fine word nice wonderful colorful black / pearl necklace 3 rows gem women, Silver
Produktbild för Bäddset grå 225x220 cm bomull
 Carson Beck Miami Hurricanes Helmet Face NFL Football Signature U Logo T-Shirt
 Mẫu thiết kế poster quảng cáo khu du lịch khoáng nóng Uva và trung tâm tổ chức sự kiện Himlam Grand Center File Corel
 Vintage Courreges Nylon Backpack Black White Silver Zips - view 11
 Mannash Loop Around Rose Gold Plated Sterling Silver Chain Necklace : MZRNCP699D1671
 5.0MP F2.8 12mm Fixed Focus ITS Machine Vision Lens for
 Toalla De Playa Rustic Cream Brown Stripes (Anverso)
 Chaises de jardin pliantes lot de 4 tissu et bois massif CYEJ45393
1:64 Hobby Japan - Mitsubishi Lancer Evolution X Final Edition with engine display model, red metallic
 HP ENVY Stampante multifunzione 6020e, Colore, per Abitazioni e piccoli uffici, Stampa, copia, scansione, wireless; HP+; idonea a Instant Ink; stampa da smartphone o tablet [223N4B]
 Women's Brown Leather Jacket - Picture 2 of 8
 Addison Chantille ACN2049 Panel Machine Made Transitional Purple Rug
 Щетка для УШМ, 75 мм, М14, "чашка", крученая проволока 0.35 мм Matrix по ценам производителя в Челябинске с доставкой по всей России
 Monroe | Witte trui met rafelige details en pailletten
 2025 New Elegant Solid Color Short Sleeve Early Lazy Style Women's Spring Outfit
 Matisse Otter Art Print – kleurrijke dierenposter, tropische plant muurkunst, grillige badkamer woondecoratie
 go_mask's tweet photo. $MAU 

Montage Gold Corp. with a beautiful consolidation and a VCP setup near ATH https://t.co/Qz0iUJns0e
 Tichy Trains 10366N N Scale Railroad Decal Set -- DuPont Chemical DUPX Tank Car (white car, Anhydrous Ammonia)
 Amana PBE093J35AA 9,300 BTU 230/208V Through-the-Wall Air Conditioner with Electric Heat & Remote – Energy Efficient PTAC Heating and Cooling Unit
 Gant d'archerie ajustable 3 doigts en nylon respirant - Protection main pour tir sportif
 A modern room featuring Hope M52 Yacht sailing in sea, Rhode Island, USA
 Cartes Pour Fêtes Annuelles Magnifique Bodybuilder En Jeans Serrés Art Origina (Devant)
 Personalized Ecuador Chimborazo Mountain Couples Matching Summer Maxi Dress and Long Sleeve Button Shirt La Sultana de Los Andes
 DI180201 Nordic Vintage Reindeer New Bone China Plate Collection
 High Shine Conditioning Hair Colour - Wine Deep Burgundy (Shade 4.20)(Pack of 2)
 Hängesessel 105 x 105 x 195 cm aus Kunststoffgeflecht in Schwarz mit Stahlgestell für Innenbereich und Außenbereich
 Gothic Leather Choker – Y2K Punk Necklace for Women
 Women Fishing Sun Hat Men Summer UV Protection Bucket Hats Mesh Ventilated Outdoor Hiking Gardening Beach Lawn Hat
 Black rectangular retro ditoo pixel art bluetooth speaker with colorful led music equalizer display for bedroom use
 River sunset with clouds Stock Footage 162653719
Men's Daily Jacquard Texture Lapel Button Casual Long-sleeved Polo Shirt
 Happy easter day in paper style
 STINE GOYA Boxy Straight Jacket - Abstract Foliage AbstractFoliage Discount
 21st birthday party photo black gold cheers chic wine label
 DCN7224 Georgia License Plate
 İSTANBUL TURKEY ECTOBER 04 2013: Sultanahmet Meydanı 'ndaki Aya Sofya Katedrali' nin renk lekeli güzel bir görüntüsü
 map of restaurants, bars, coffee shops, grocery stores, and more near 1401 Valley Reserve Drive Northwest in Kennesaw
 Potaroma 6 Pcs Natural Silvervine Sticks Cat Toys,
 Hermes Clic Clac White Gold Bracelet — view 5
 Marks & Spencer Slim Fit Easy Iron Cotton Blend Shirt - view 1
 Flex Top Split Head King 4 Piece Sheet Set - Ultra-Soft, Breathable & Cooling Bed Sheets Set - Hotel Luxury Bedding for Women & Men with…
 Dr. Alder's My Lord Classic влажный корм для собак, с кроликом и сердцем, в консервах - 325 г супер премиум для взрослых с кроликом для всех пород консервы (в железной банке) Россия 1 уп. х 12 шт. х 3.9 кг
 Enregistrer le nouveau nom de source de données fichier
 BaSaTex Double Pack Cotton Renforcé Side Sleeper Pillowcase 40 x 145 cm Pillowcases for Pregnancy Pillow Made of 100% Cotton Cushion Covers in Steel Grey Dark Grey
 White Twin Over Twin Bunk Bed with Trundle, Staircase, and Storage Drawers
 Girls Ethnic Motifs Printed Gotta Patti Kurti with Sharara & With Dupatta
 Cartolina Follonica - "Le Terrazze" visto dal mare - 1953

__TASK REQUIREMENTS__
Look through the entries and find each line that has the string "colorful". Copy those lines.

__SOLUTION TO THIS EXERCISE__
fine word nice wonderful colorful black / pearl necklace 3 rows gem women, Silver
 Black rectangular retro ditoo pixel art bluetooth speaker with colorful led music equalizer display for bedroom use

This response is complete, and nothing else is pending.